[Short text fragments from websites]
========================
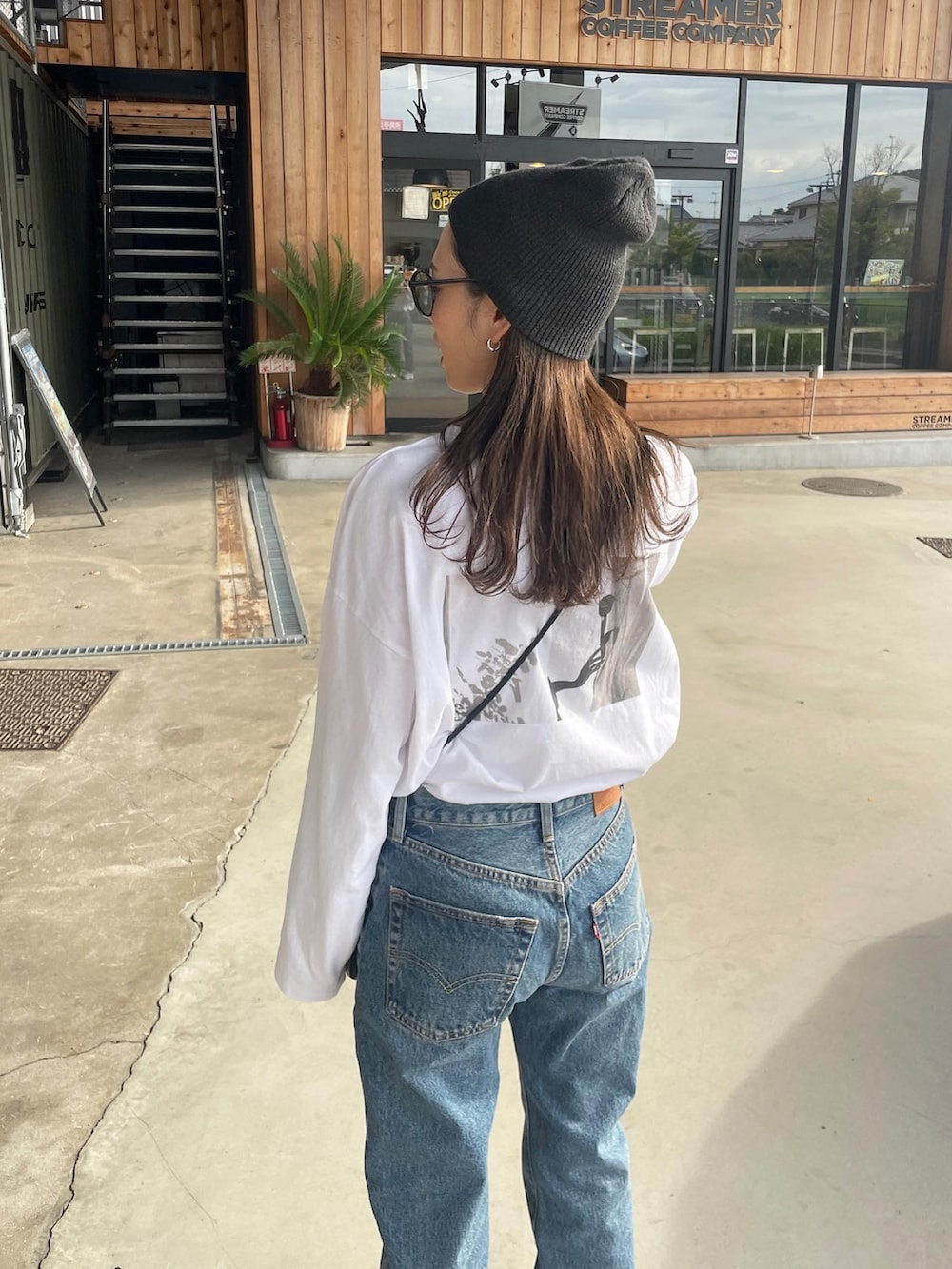 ホワイト系のTシャツ/カットソー、ブルー系のデニムパンツ、ホワイト系のスニーカーを着用したレディースの秋コーディネートの3枚目の写真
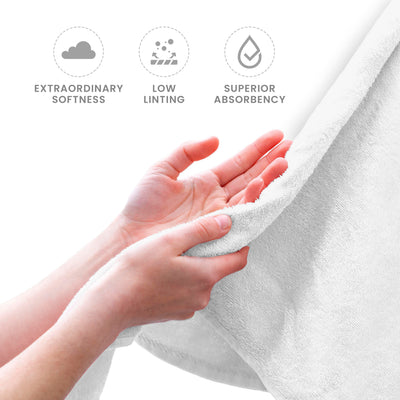 Hands holding a soft, white towel, showcasing its texture and quality.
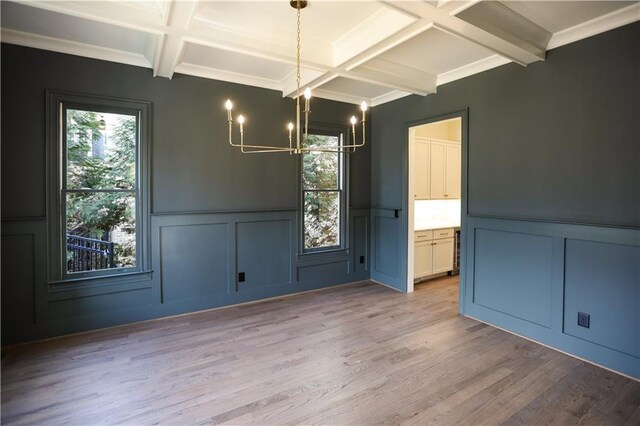 unfurnished dining area featuring beamed ceiling, coffered ceiling, and light wood-type flooring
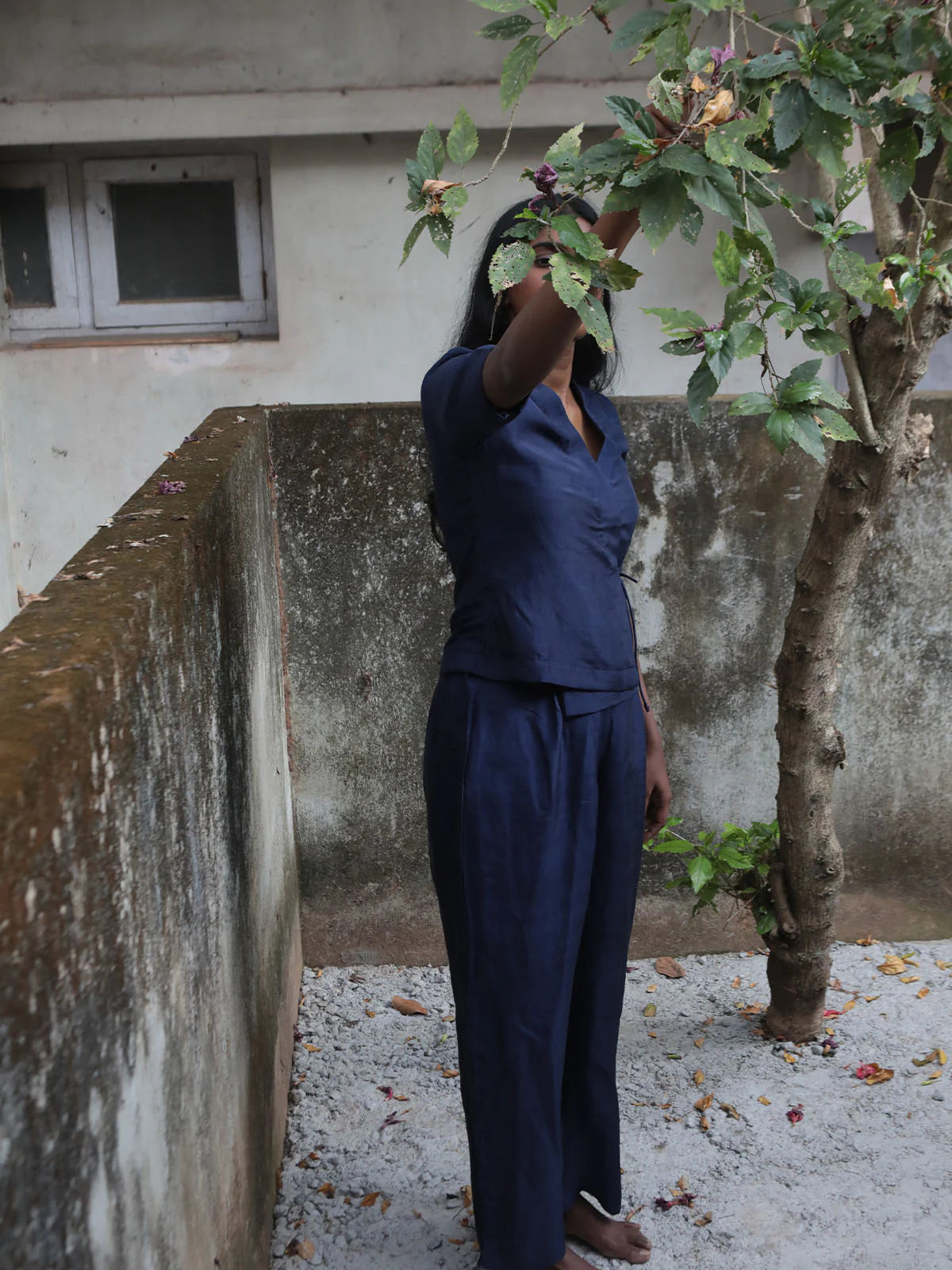 Woman wearing a navy blue shirt against a gray wall.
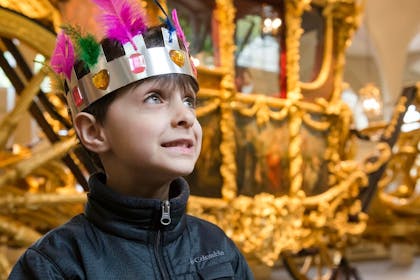 A smiling boy wears a handmade crown with feathers and jewels, standing in front of the Gold State Coach 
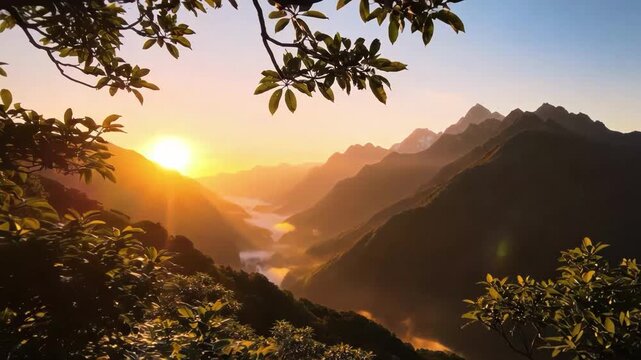 Stunning view of sun rising over layered mountain range with valley fog illuminated by golden light seen through foreground tree foliage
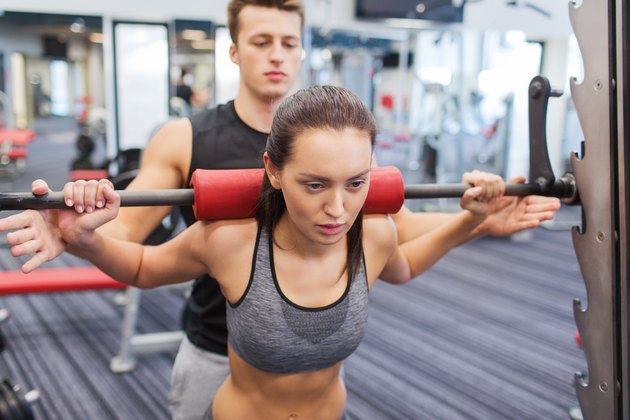 man and woman with barbell flexing muscles in gym
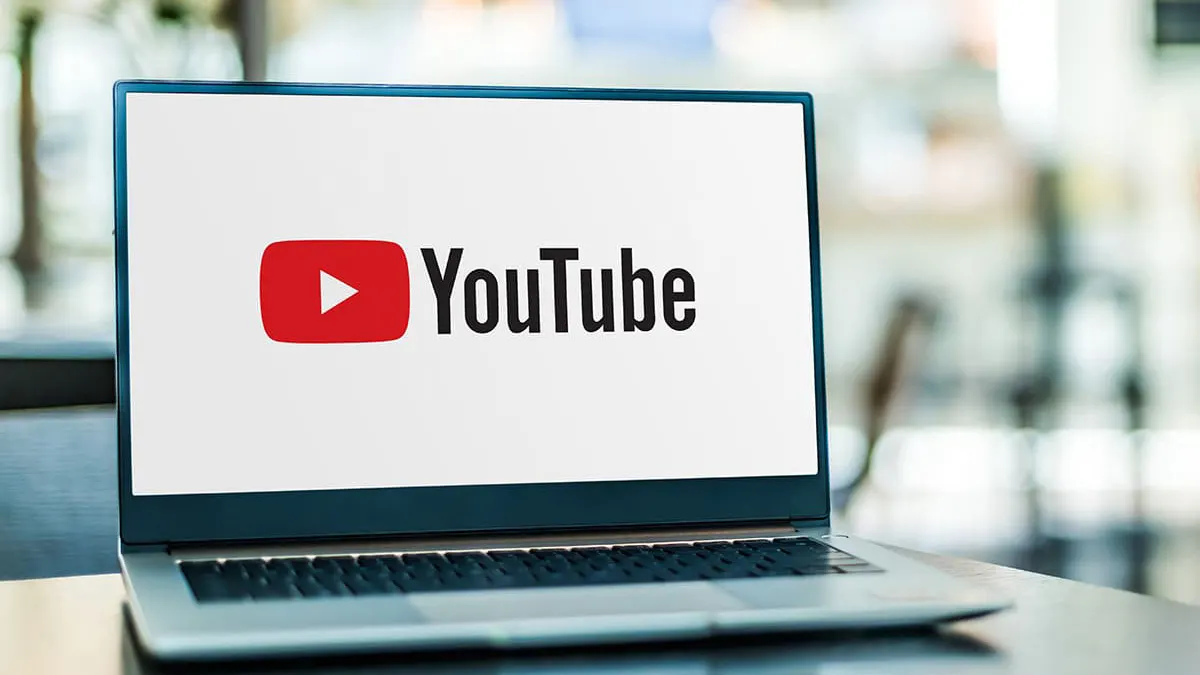 Un computer portatile mostra il logo di YouTube su uno schermo bianco. Lo sfondo è sfocato e mostra una finestra.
========================
The response must restate exactly the lines from the one containing "Stunning view of" through the end of the records above and must leave out all pictures.

- [The answer]:
 Stunning view of sun rising over layered mountain range with valley fog illuminated by golden light seen through foreground tree foliage
 man and woman with barbell flexing muscles in gym
 Un computer portatile mostra il logo di YouTube su uno schermo bianco. Lo sfondo è sfocato e mostra una finestra.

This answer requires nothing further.